• Task statement: Please repeat, exactly as written, the line containing "Maison vente à Saintes" and every line after it through the end of the records below, leaving out any pictures.

[Image-caption web data]
-----

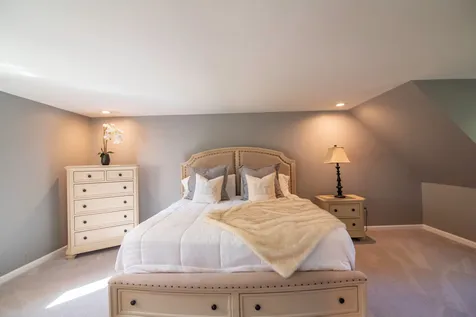 1 Merlin Place Londonderry NH 03053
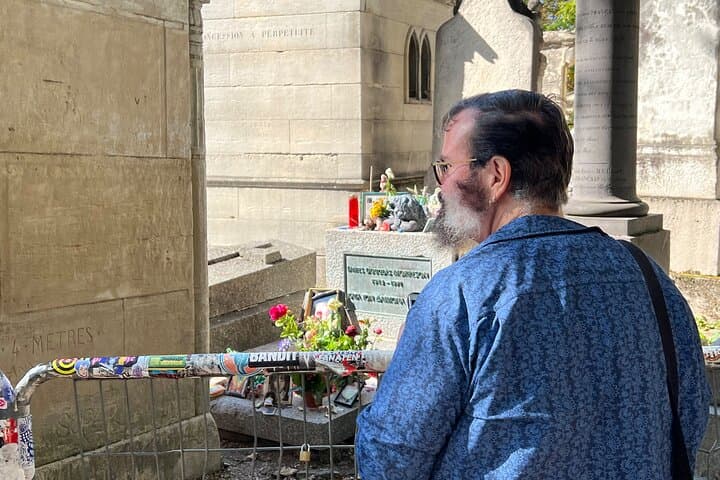 Paris: Haunted Père Lachaise Cemetery Guided Tour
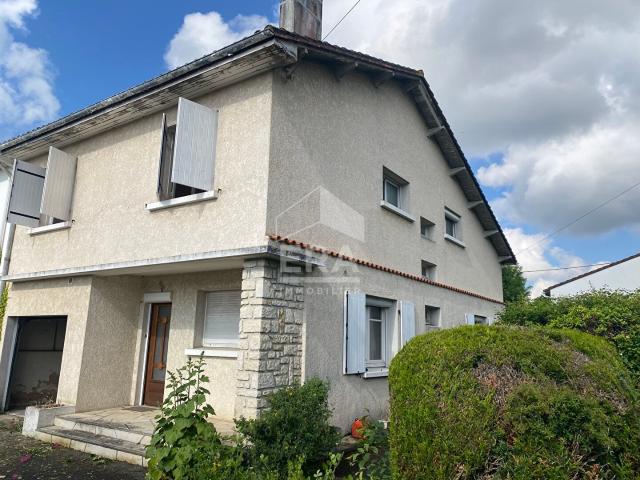 Maison vente à Saintes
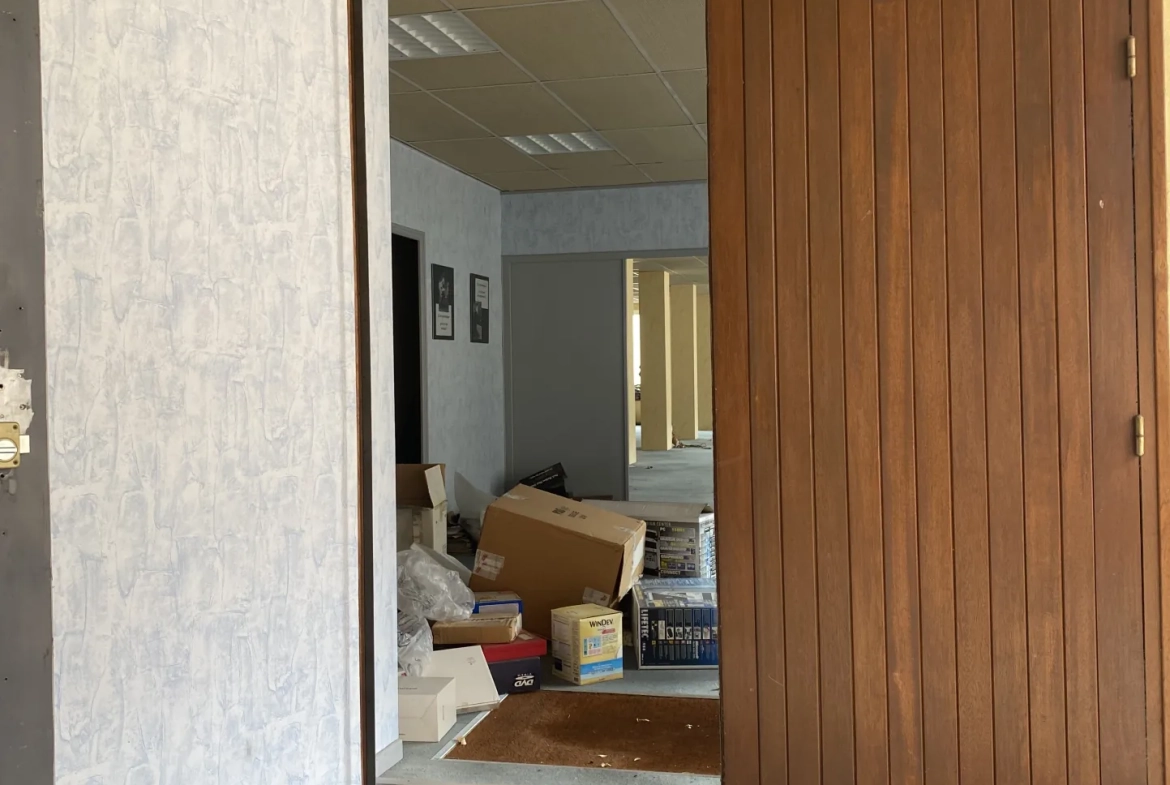Local professionnel de 201 m² à louer à Lunéville, au cœur de la zone commerciale 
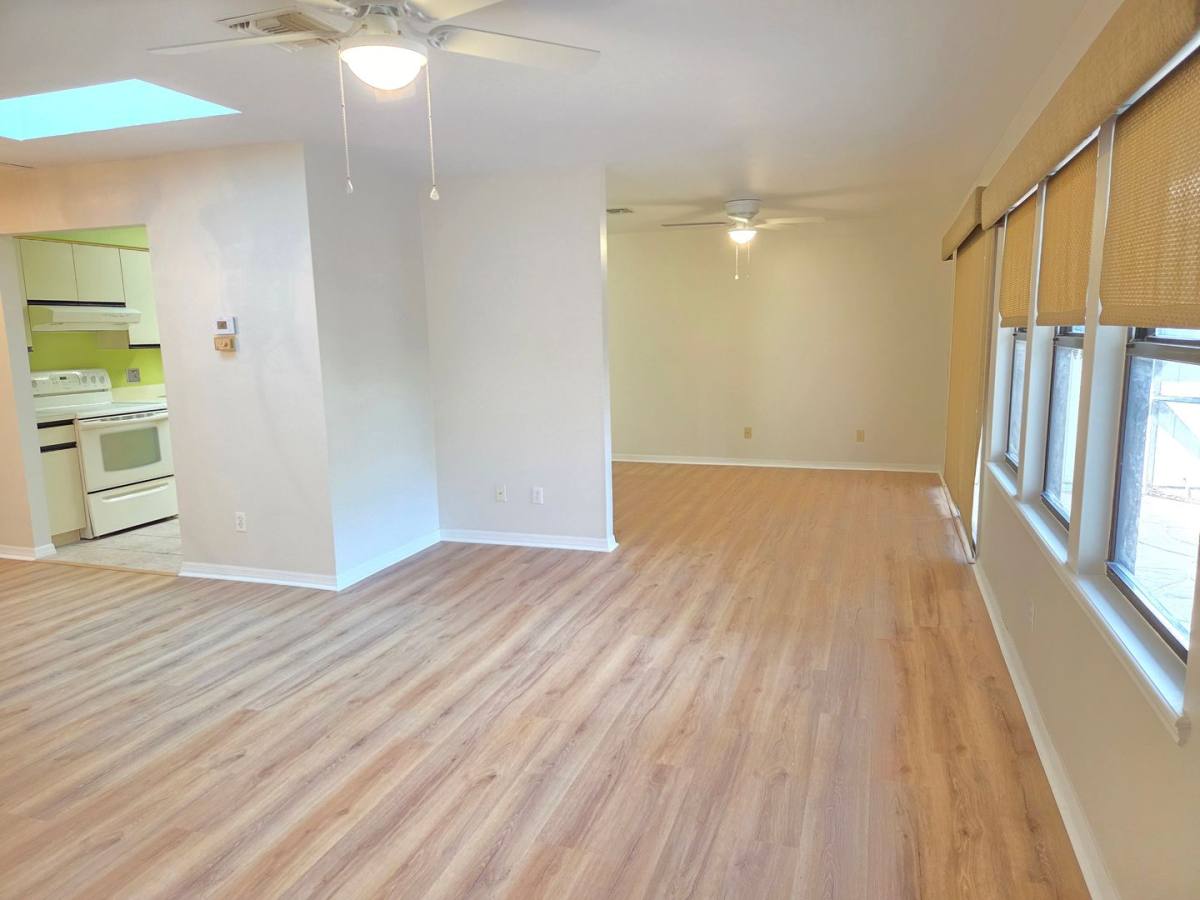 691 S Centre Court SW #101, Vero Beach, FL 32962 - House for Rent - Image 7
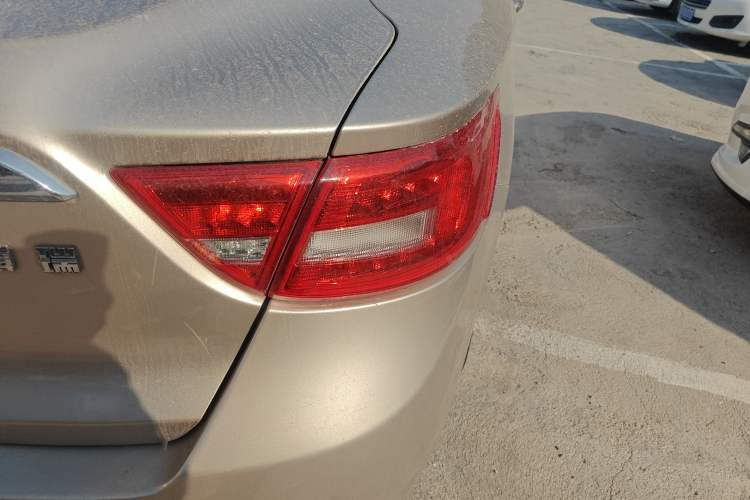 Used Geely Auto Emgrand GT 2015 2.4L Comfort Model Right Rear Taillight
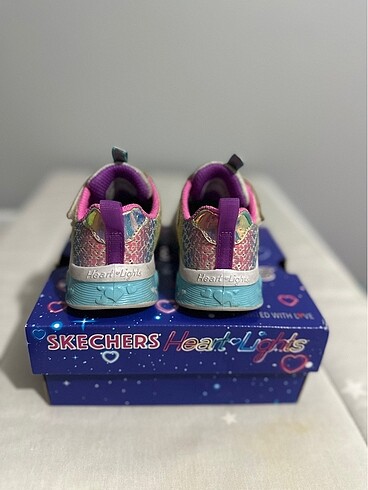 22 Beden Skechers Işıklı Ayakkabı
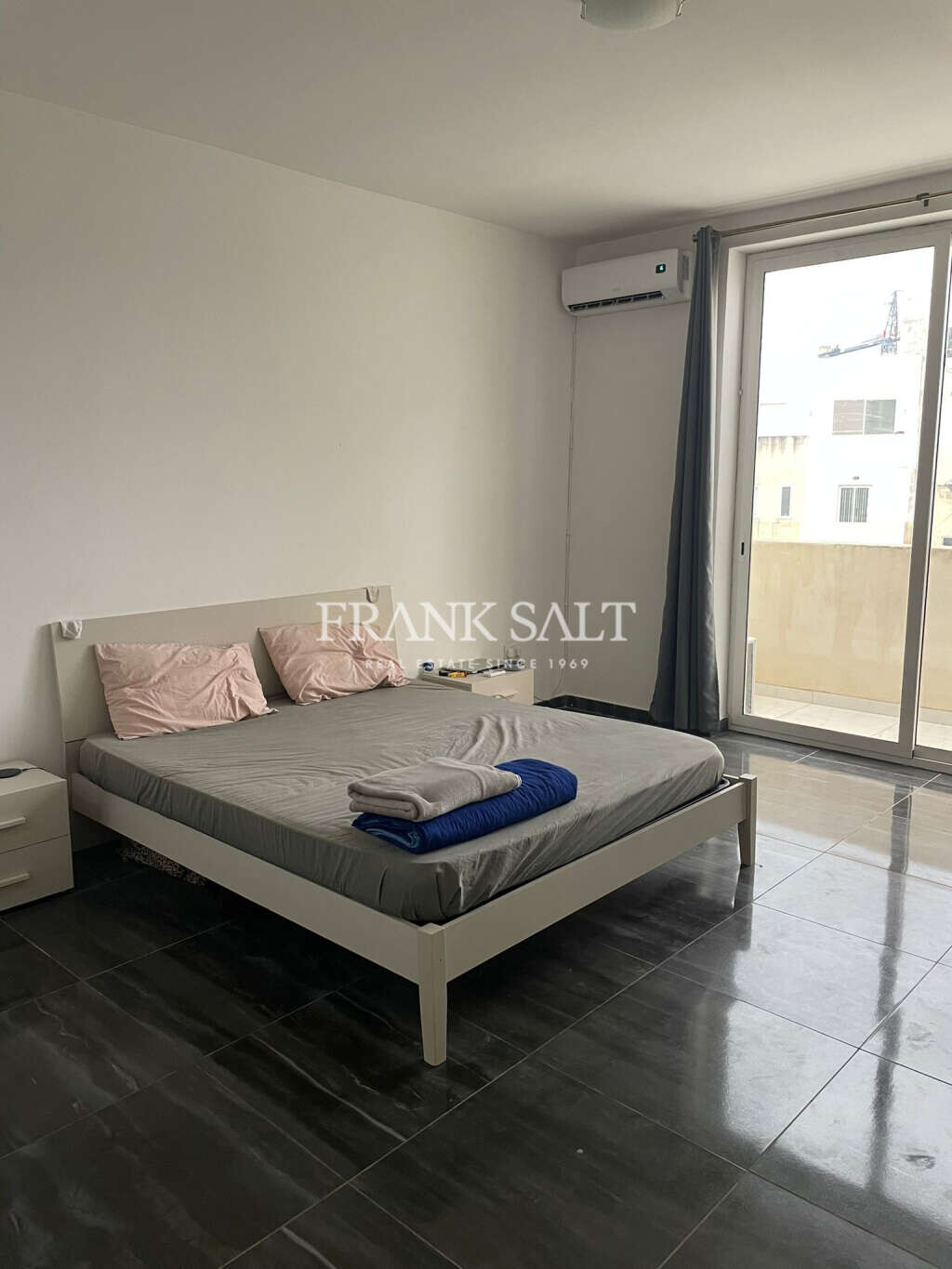 Gzira, 3 Bedrooms Bedrooms, ,1 BathroomBathrooms,For Sale,FRSA-925268
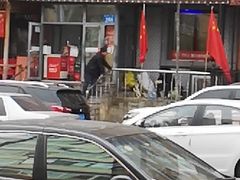 -猪八戒小酒馆(珑瑞小区店)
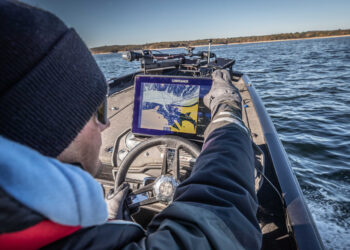 The new Lowrance Pro is capable of doing two simultaneous views at the same time on the same unit.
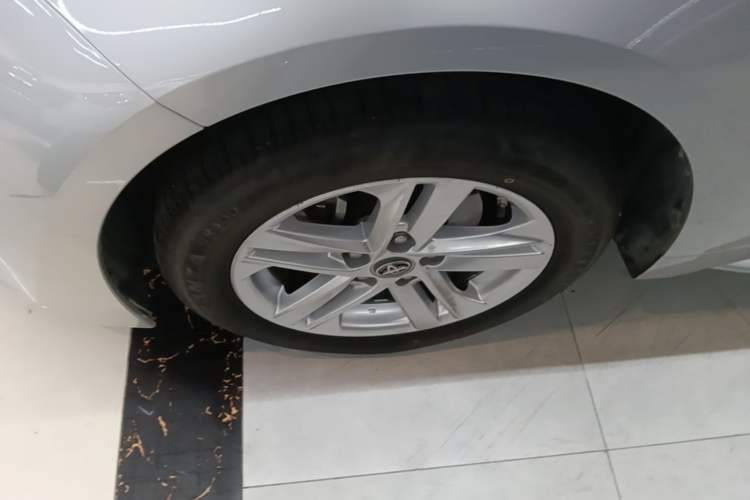 Used Toyota Levin 2019 185T CVT Luxury Edition China VI Standard Left Front Wheel Hub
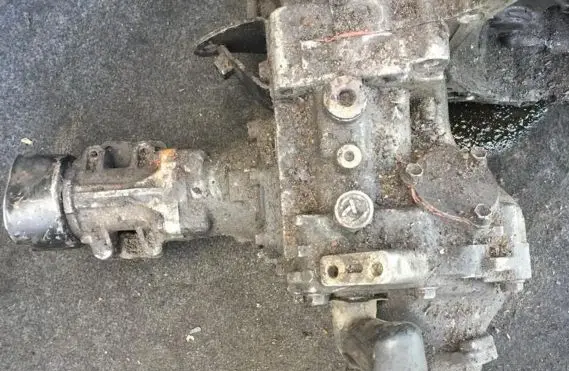 Toyota RAV 4 (XA10) Gearbox transfer box case 3611612010 36116-12010
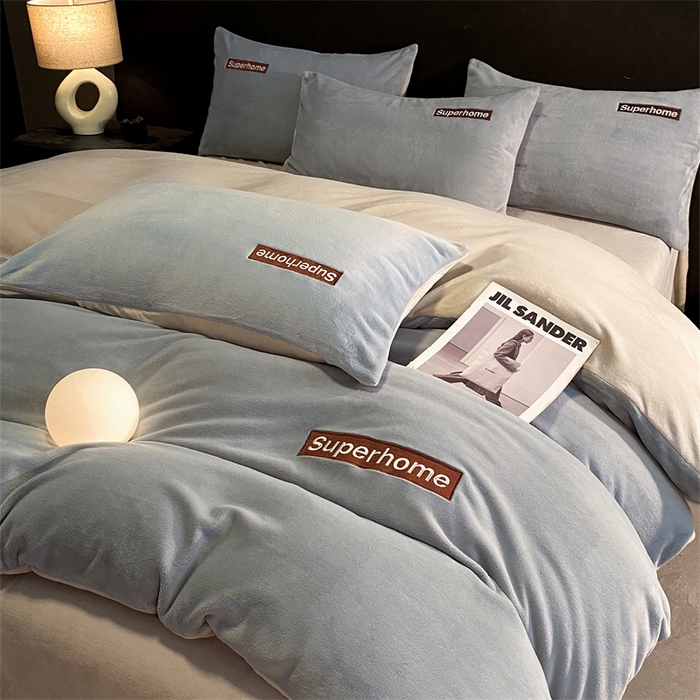 91家纺网 家纺一手货源 找家纺 笙意家纺 2025新款牛奶绒刺绣四件套-杰尼娅系列绒 杰尼亚-海清+山灰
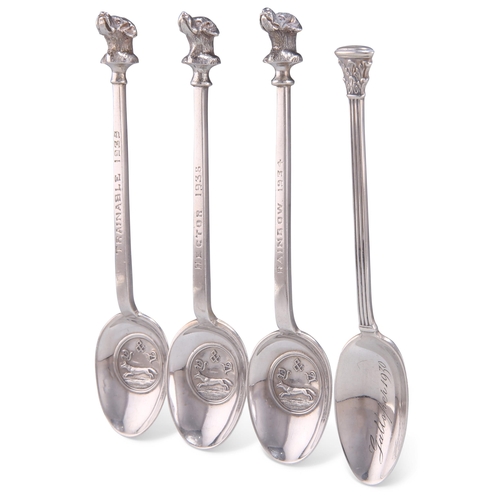 1052 - THREE GEORGE V SILVER COMMEMORATIVE HUNT TEASPOONS,Êby Thomas Bradbury & Sons Ltd, Sheffield 1933, 1... 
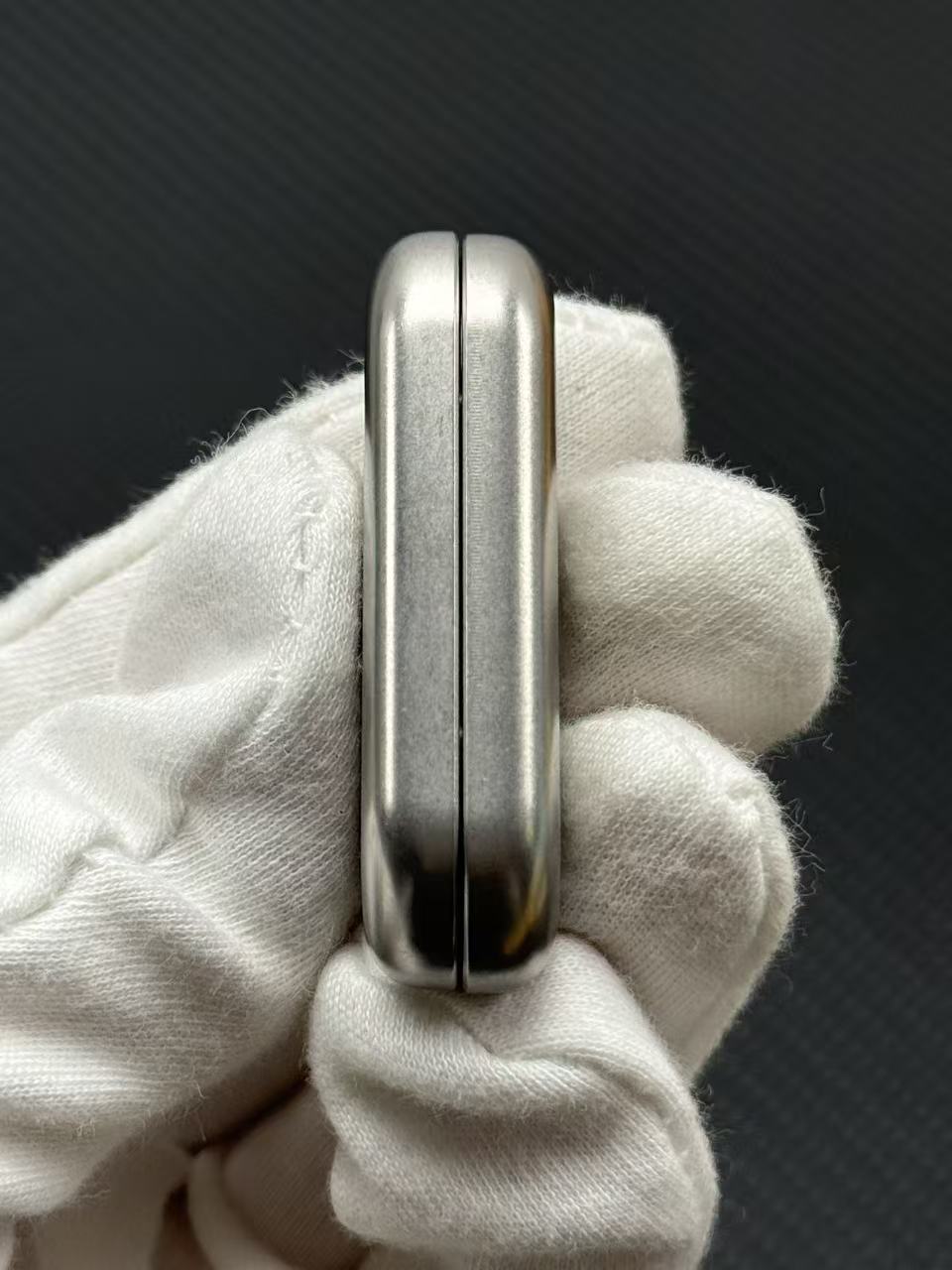 Floating Cloud Stainless Steel Stonewashed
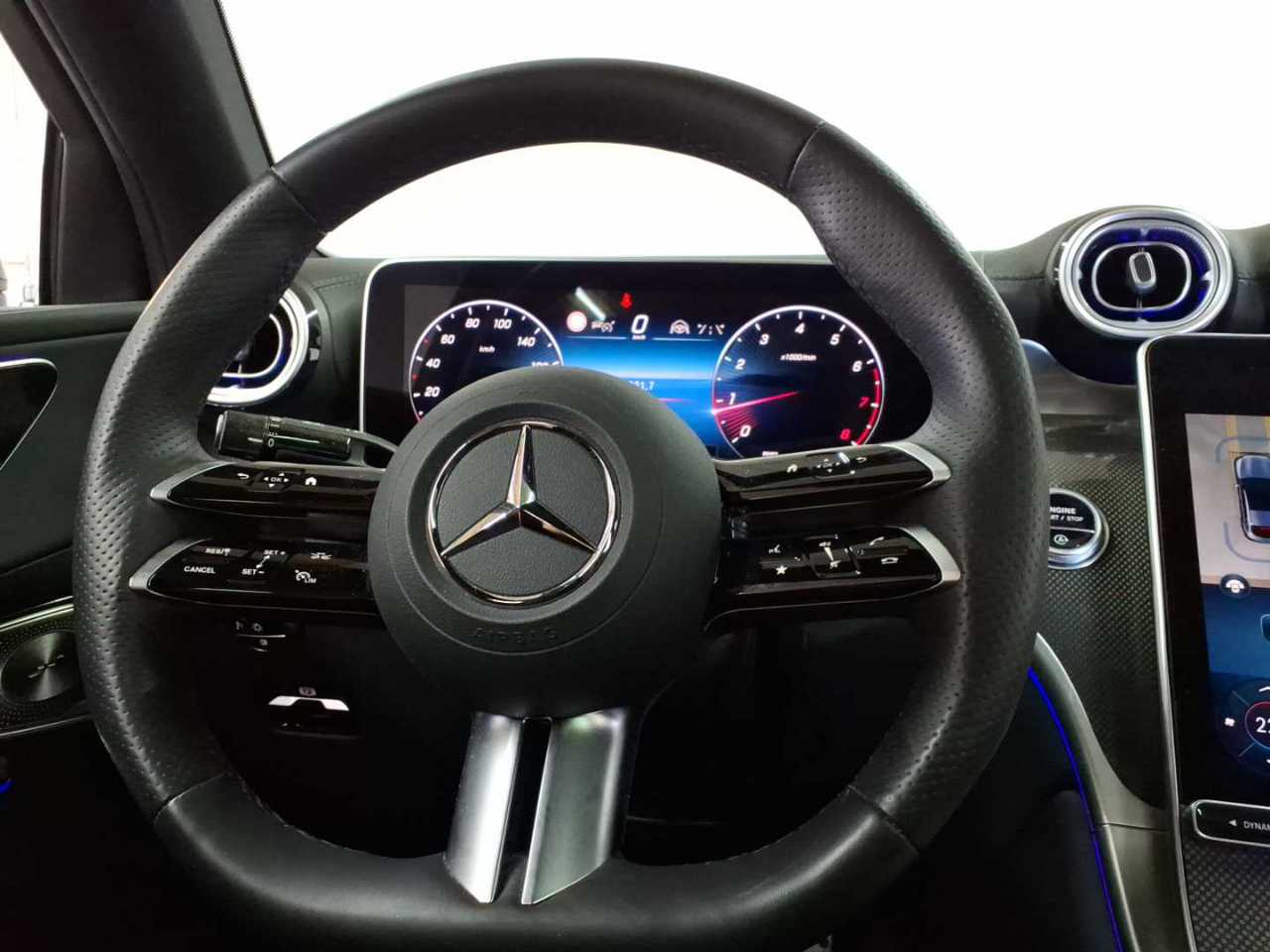 Mercedes-Benz GLC-Coupe 200 4Matic 9G-TRONIC AMG Line Advanced 16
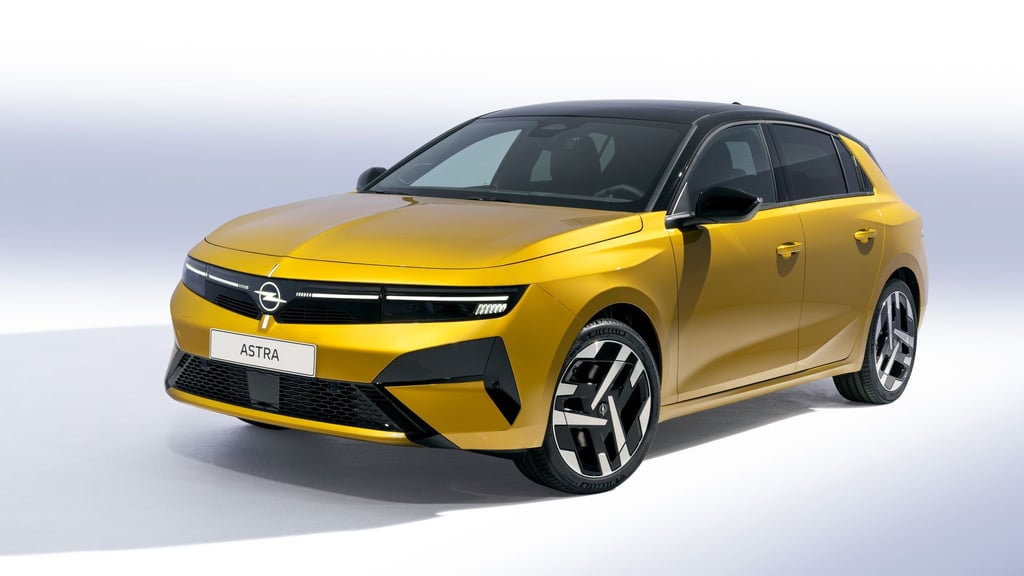Retuschiertes Design, modernisierte Technik und erweiterte Ausstattung: Der Opel Astra bekommt ein Facelift.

-----

• Written reply:
 Maison vente à Saintes
Local professionnel de 201 m² à louer à Lunéville, au cœur de la zone commerciale 
 691 S Centre Court SW #101, Vero Beach, FL 32962 - House for Rent - Image 7
 Used Geely Auto Emgrand GT 2015 2.4L Comfort Model Right Rear Taillight
 22 Beden Skechers Işıklı Ayakkabı
 Gzira, 3 Bedrooms Bedrooms, ,1 BathroomBathrooms,For Sale,FRSA-925268
 -猪八戒小酒馆(珑瑞小区店)
 The new Lowrance Pro is capable of doing two simultaneous views at the same time on the same unit.
 Used Toyota Levin 2019 185T CVT Luxury Edition China VI Standard Left Front Wheel Hub
 Toyota RAV 4 (XA10) Gearbox transfer box case 3611612010 36116-12010
 91家纺网 家纺一手货源 找家纺 笙意家纺 2025新款牛奶绒刺绣四件套-杰尼娅系列绒 杰尼亚-海清+山灰
 1052 - THREE GEORGE V SILVER COMMEMORATIVE HUNT TEASPOONS,Êby Thomas Bradbury & Sons Ltd, Sheffield 1933, 1... 
 Floating Cloud Stainless Steel Stonewashed
 Mercedes-Benz GLC-Coupe 200 4Matic 9G-TRONIC AMG Line Advanced 16
Retuschiertes Design, modernisierte Technik und erweiterte Ausstattung: Der Opel Astra bekommt ein Facelift.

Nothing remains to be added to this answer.